In Beijing, the equivalent was four cigarettes a day, Los Angeles a half-cigarette, Paris three to six cigarettes a day and Delhi a whopping 20.
In Metro Vancouver on Wednesday, breathing the air was the equivalent of smoking 3.3 ciga- rettes, according to the app. In Chilliwack, residents smoked the equivalent of seven cigarettes on Wednesday. The rule of thumb, the app said, is one cigarette a day is the rough equivalent of a PM2.5 level of 22.
Lu said he had mixed feelings about equating breathing with cigarette smoking because he wasn’t sure the calculation was scientifically based.
But, he said, “It’s a good way of impressing upon people how air pollution affects us.”
He said the mixture of air pollutants isn’t identical in cigarette smoke and smog, “but it does provide people with a reference point” on how dangerous smog can be.

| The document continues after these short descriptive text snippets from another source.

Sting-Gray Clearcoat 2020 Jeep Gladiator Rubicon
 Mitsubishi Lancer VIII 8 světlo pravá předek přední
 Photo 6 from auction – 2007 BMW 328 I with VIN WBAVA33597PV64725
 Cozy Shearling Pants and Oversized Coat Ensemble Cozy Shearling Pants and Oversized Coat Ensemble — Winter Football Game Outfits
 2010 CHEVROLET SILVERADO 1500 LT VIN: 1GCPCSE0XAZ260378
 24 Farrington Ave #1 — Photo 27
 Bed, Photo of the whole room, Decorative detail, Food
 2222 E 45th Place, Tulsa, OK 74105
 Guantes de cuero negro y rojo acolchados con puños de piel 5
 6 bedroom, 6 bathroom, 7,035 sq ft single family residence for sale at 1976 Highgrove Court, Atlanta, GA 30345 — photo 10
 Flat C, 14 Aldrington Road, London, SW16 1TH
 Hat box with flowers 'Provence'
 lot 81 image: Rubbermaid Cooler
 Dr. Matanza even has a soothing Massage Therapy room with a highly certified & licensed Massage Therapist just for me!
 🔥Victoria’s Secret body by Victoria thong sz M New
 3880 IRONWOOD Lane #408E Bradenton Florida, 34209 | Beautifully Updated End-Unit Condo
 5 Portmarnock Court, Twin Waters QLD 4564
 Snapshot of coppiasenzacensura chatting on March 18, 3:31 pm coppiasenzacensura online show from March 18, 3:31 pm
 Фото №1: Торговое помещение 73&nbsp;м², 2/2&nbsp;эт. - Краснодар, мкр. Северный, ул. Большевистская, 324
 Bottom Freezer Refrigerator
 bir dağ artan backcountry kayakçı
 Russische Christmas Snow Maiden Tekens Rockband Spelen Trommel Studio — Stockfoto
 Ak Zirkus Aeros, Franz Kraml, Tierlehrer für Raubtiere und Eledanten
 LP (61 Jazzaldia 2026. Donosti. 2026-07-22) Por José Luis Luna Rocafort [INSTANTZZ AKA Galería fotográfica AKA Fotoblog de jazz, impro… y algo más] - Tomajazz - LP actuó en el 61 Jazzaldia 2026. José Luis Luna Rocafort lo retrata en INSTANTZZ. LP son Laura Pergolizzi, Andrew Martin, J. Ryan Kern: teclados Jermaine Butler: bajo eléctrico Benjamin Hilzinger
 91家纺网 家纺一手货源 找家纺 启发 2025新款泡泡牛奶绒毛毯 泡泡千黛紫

“It’s higher than you think,” he said. “It gives people a kind of ballpark sense and it raises awareness of the dangers of air pollution,” said Lu, adding breathing in poor air for a short period of time isn’t going to do the same damage as smoking every day for years.
Dr. Michael Schwant, a medical health officer for Fraser Health, who wasn’t aware of the app, said such a comparison “could be helpful for messaging.”
Margaret Birrell, 75, says she started feeling “really sick and I couldn’t breathe” when she went for her brisk daily walk on Wednesday. After a battery of tests, doctors blamed the city’s poor air quality.